Portanto, todas as semanas havia um espectáculo de variedades com a
sala a abarrotar de espectadores.
No dia em que tive de me apresentar na prisão, havia ensaio e eu tinha
decidido participar nele como humorista, o que era coisa nunca vista
naquele palco. Porém, a prisão impedia-me de concretizar. Mas a sorte
parecia estar do meu lado, embora o azar também não me largasse a
perna! O oficial que ia entrar de serviço no render da parada era o
aspirante António Fernandes, co-organizador dos espectáculos!… Era uma
boa oportunidade para me propôr participar no ensaio do dia.
Depois da cerimónia do render da parada formou-se uma fila com todos
os militares que iam entrar de serviço, para se apresentarem ao
oficial-de-dia. No final da fila estava eu, carregando uma manta,
lençóis e fronha, já que na “casa-da-rata” havia cama mas não havia
roupa.
Chegada a minha vez, fiz a continência e apresentei-me:
— Apresenta-se o soldado condutor auto-rodas número 191/65, a fim de
dar entrada na  prisão do quartel.
— Estás apresentado.

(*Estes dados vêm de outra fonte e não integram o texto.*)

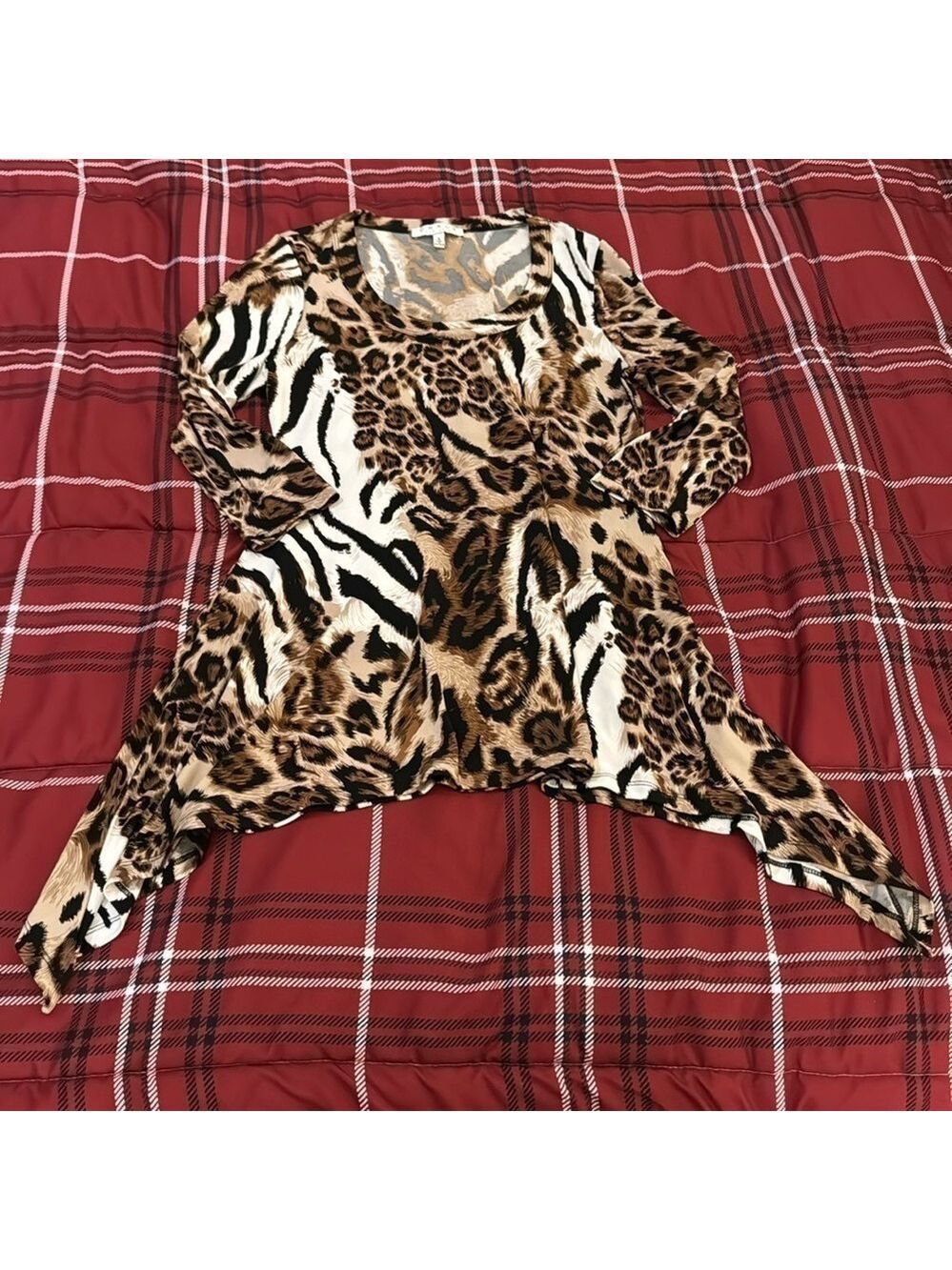 Chaus Animal Print Tunic Small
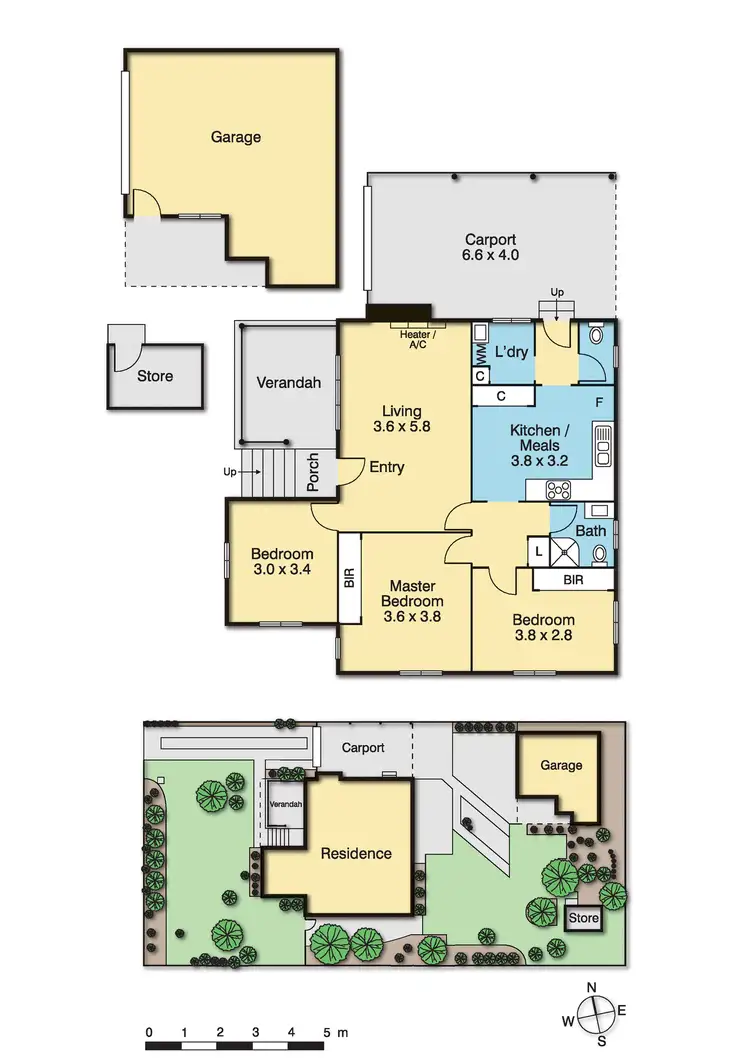 Floorplan of Homely house listing, 44 Marie Avenue, Heidelberg Heights VIC 3081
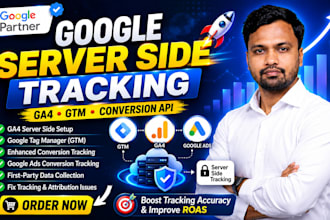setup ga4 ecommerce tracking, ga4 server side tracking and GTM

Apresenta-te ao sargento da guarda. Podes retirar-te.
— Meu aspirante, preciso de lhe falar sobre o ensaio de hoje… — Ele
olhou-me interrogativamente, e eu continuei. — Tinha decidido
participar nele como humorista. Mas porque vou preso, peço-lhe que na
hora do espectáculo permita que eu saia da prisão para me apresentar
em palco.
— Estás maluco?!…
E fez-me sinal com a cabeça para me retirar.
Retirei-me sem grandes convicções.
Após o almoço, o ferrolho fez o cagaçal característico do rodar da
enorme e pesada chave, e a porta chiou nos gonzos a pedirem óleo.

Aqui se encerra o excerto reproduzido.